Boston Bruins' Matt Bartkowski, right, fights for a puck with New York Islanders' Marty Reasoner during the third period of a pre-season NHL hockey game in Bridgeport, Conn., on Saturday, Oct. 1, 2011. Pittsburgh native Bartkowski is ready to head back to his hometown with the Bruins for Round 3 of the NHL playoffs. THE CANADIAN PRESS/AP-Fred Beckham
WILMINGTON, Mass. - The smile spread across Matt Bartkowski's face even before the question was finished.
How will it feel to play against his hometown Penguins, the team he rooted for as a youngster?
"I can't believe how many times I've been asked that," the Bruins rookie defenceman said with a laugh. "It's going to be awesome."
Especially if Boston upsets Pittsburgh, the club that won two Stanley Cups in the 1990s with two players who became his idols, Mario Lemieux and Jaromir Jagr.
Now Lemieux is a co-owner of the Penguins and Jagr is Bartkowski's teammate in Boston. The teams begin the Eastern Conference finals in Pittsburgh on Saturday night.
"It's kind of cool we get to play playoffs in my hometown," Bartkowski said. "At the end of the day, I'm on Boston and that's Pittsburgh. We're there to win."
A former standout at Mt. Lebanon High—a proud school with its own rink tucked away neatly in a suburb south of Pittsburgh—Bartkowski made his playoff debut in Game 5 of the opening round against Toronto after being recalled from Providence of the AHL to replace the injured Wade Redden.
He next appeared in Game 7 vs. the Maple Leafs, scoring the first goal before the road team posted the next four. But he and the Bruins rallied, won 5-4 in overtime, and suddenly, he appeared as if he was there to stay.
He played well with this time in all five games of the next round against the New York Rangers. But Andrew Ference, sidelined the last seven games with a lower body injury, could return soon and that could leave Bartkowski out of the lineup.
All that said, he's already accomplished more than he could have imagined when he was lightly recruited out of high school.
"I knew he could be a pretty good player probably by his junior year," said Paul Taibi, his high school coach. "The NHL was kind of a dream still at that point."
As a senior, Taibi said, Bartkowski was the best player in Pennsylvania. But hockey's popularity in the western part of the state had declined by then—a lull between the end of the Lemieux-Jagr era and the start of the Sidney Crosby-Evgeni Malkin era.
"At that point, I was probably 14 or so," Bartkowski said. "It died down for a solid four years or so until Crosby got drafted. ... Every time they get big players in Pittsburgh, it seems to jump start all the little kids playing, so it's good for the area."
The Penguins won the Stanley Cup in 2009, their first championship since they won their second straight in 1992, three days before Bartkowski turned 4. They played then in the Civic Arena—also known as the Igloo—located at 66 Mario Lemieux Place, and Bartkowski remembers skating there as a youngster.
He finally received some attention at the Chicago Showcase, a tournament for lightly recruited high school players where he was most valuable player.

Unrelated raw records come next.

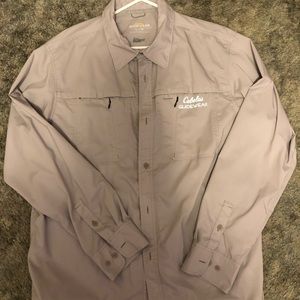 Men’s fishing shirt XL/XL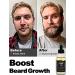 Organic Beard Oil for Men | White Tea Infusion | 2 Fl Oz | Natural Argan Coconut & Jojoba Beard Softener - Buy Online on GoSupps.com
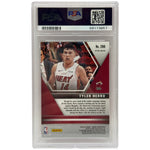 2019 Panini Mosaic Tyler Herro Pink Camo Rookie Card #280 PSA 10 GEM MINT - Image 2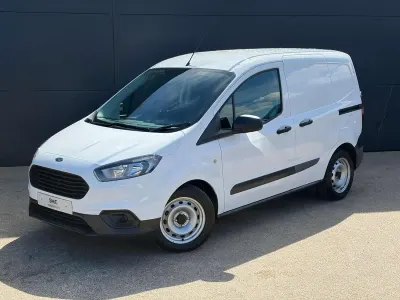 Used Ford Transit Courier S 2023 White Van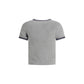 Gray Cotton Clothing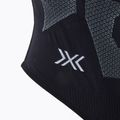 Kukla  X-Bionic Stormcap x black/grey 4
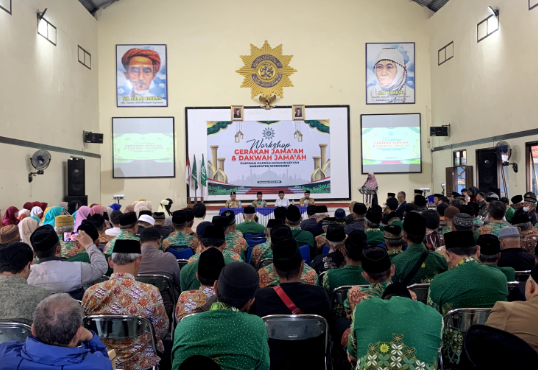 MUHAMMADIYAH WONOSOBO LUNCURKAN GJDJ : GERAKAN JAMAAH DAKWAH JAMAAH BERBASIS MASJID DAN PEMBERDAYAAN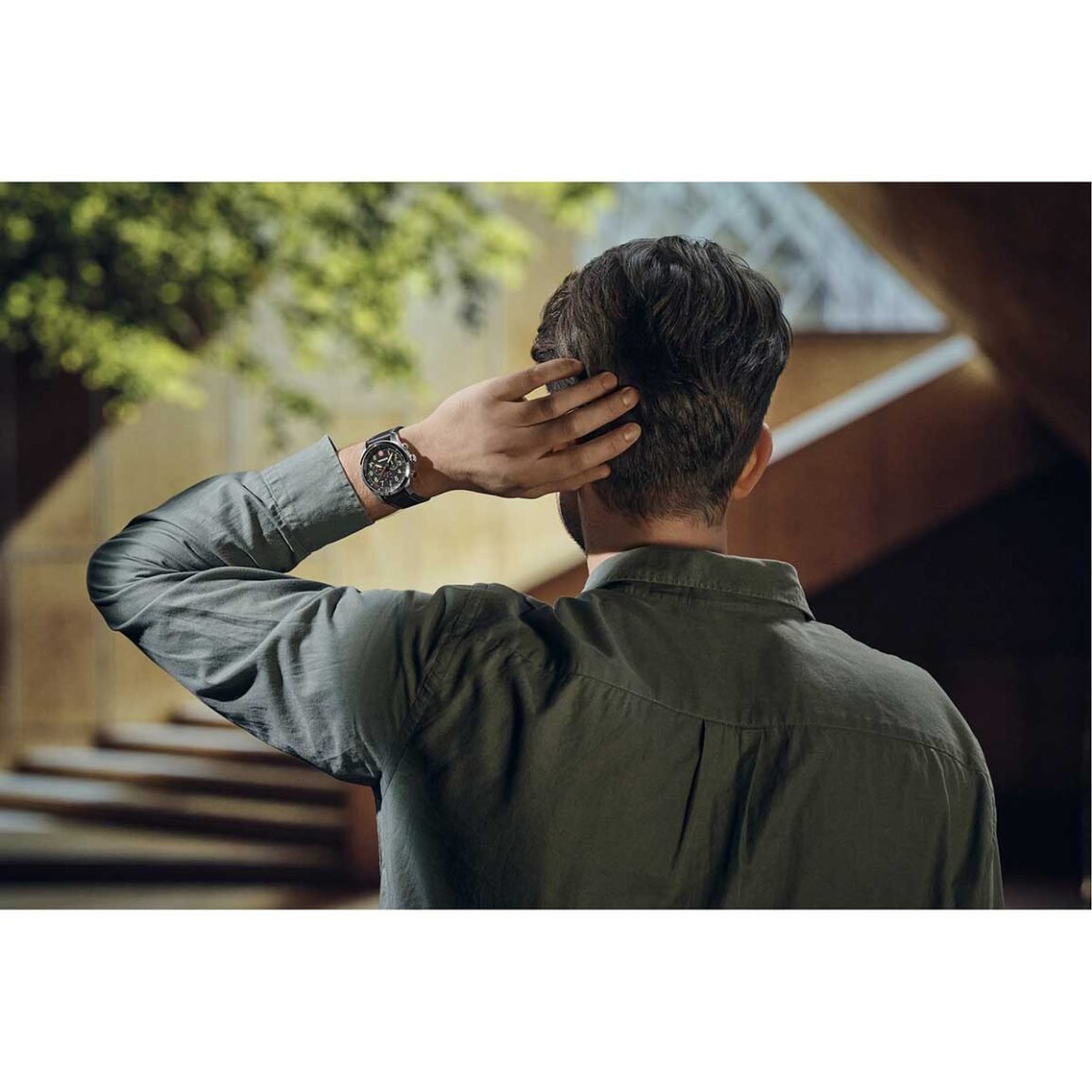 Wenger Terragraph Chrono 01.0543.110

He spent two years in the United States Hockey League before being drafted in the seventh round by the Florida Panthers in 2008. But he chose to play at Ohio State for two seasons.
"I was drafted by Florida but I didn't really go to any camps," he said. "So I'd watch the Penguins games. I was still a Penguins fan."
Before Bartkowski played for the Panthers, they traded him to the Bruins in March 2010.
He made his NHL debut on Jan. 10, 2011 in a familiar place, Pittsburgh. The Bruins won 4-2, overcoming a 2-0 deficit with four goals in the last four minutes. And his next two games? Both against the Penguins in Boston.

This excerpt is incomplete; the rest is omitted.